3. Technical: on keeping registers, listing and reporting...
4. On the duty of local CROC/CRC officials to inform the central offices on all details of local religious life, breaches of legislation by the church organs, etc.

IV. Order and Procedures regarding Registration of Religious Associations, Opening and Closing of Prayer Houses
1. - No religious association may begin its functioning without first registering with the organs of the state government.
2. Technicalities of the procedure. Basically the same as in LRA
3. The executive committee of the local government addresses the believers' petition with its resolution attached to the provincial government or to the Council of Ministers of the given autonomous republic, adding to it all the necessary information as established by the CROCA/CRC.
4. On the instruction of the provincial government... the local official of the CROCA/CRC reviews the believers' petition and checks its soundness.
5. The Provincial Government or Council of Ministers of an autonomous republic makes the decision to register or not to register the petitioners as a religious association.
6. Religious societies and groups of believers belonging to the sects the teaching and character of activities whereof is of an anti-state and fanatical nature, may not be registered. To these belong: The Jehovah's Witnesses, Pentecostals, the True Orthodox Christians, the True Orthodox Church, the Adventist-Reformists, Murashkovites, etc. (The Ukrainian Catholic rite was also outlawed.)
7. Religious associations may be deprived of registration in cases of breaking the Soviet legislation on religious cults. The Procedure is the same as in the LRA below, except that the registration is revoked by local government rather than by the CRA or its predecessors.
8. Prayer houses may be closed in the following cases:
  - a) if the religious association using it has been deprived of registration;
  - b) if the building has to be demolished owing to the reconstruction of the area or owing to the dilapidated state of the building as confirmed by a technical inspection document and co-ordinated with the local official of the CROCA/CRC.
9. No Eastern Orthodox, Old Believers, Armenian-Gregorian, Roman Catholic, Lutheran churches, Muslim mosques, Jewish synagogues, sectarian places of worship, Buddhist temples, actively in use by their religious societies may be closed without the express permission of the provincial government or Council of Ministers of an autonomous republic, co-ordinated with the central CROCA/CRC.
10. Registration and de-registration of clergy. The same as in LRA.
11. Provincial governments and their equivalents may order a limitation on tolling church bells, should this become necessary and be supported by the local population.

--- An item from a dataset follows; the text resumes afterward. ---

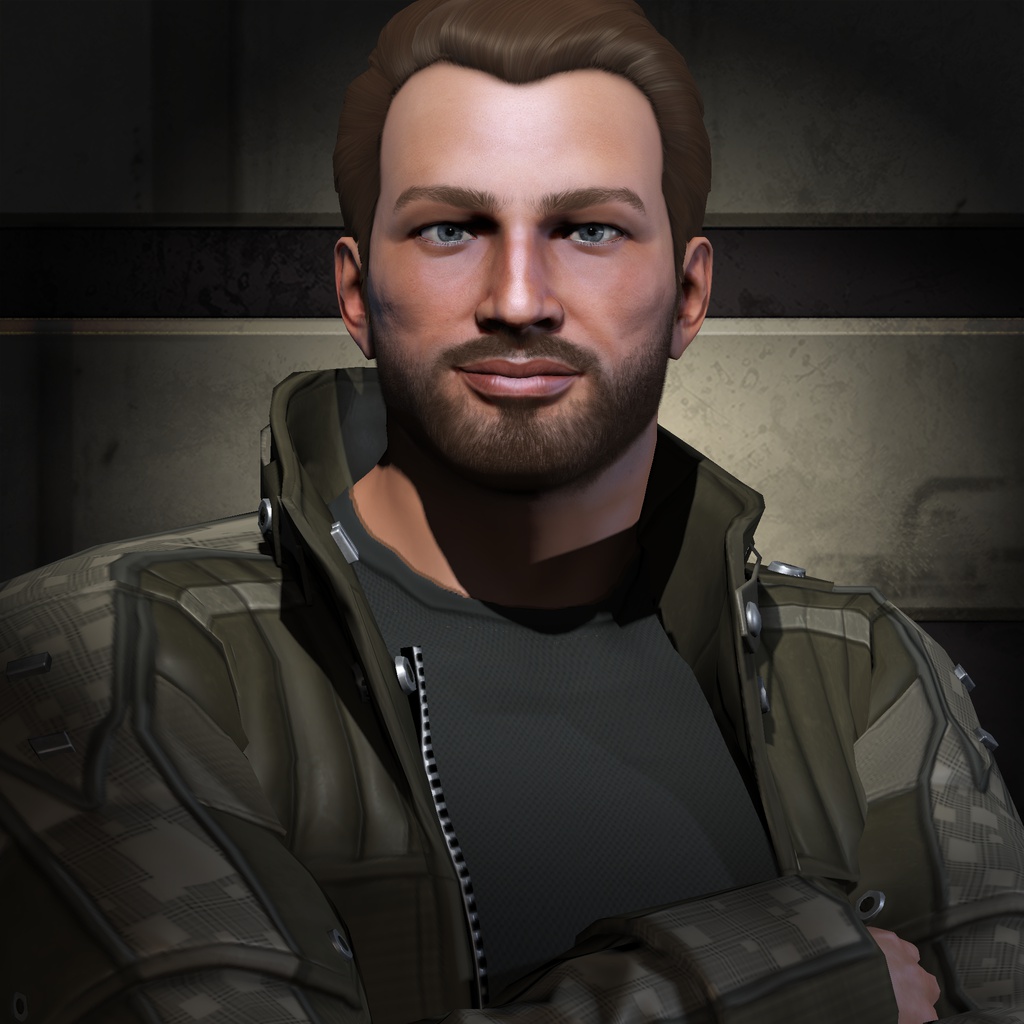 Wynyard Teranis Wynyard Teranis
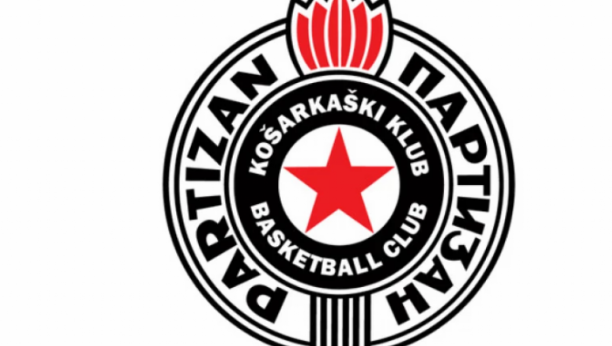 SPEKTAKL U NAJAVI Partizan spremio neviđeno iznenađenje svojim navijačima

V. Rules on the Use of Objects (Utensils) of the Cult
Basically the same as in LRA. A lesser role is given to the CROCA/CRC; a greater to local governments.

CROCA and CRC were amalgamated in 1965 to form the Council for Religious Affairs (CRA). CROCA and CRC were originally created by Joseph Stalin during the second world war (1939–1945) as liaison bodies between religion and the government. Under Nikita Khrushchev this function began to evolve into dictatorial bodies that exerted control over religious activities in the country. Articles 24–26 were ambiguous enough, that in practice they could be effectively used in order to close churches on a wide scale, as occurred under Khrushchev. The meagre protection that they offered (such as in article 26) were eliminated in 1975.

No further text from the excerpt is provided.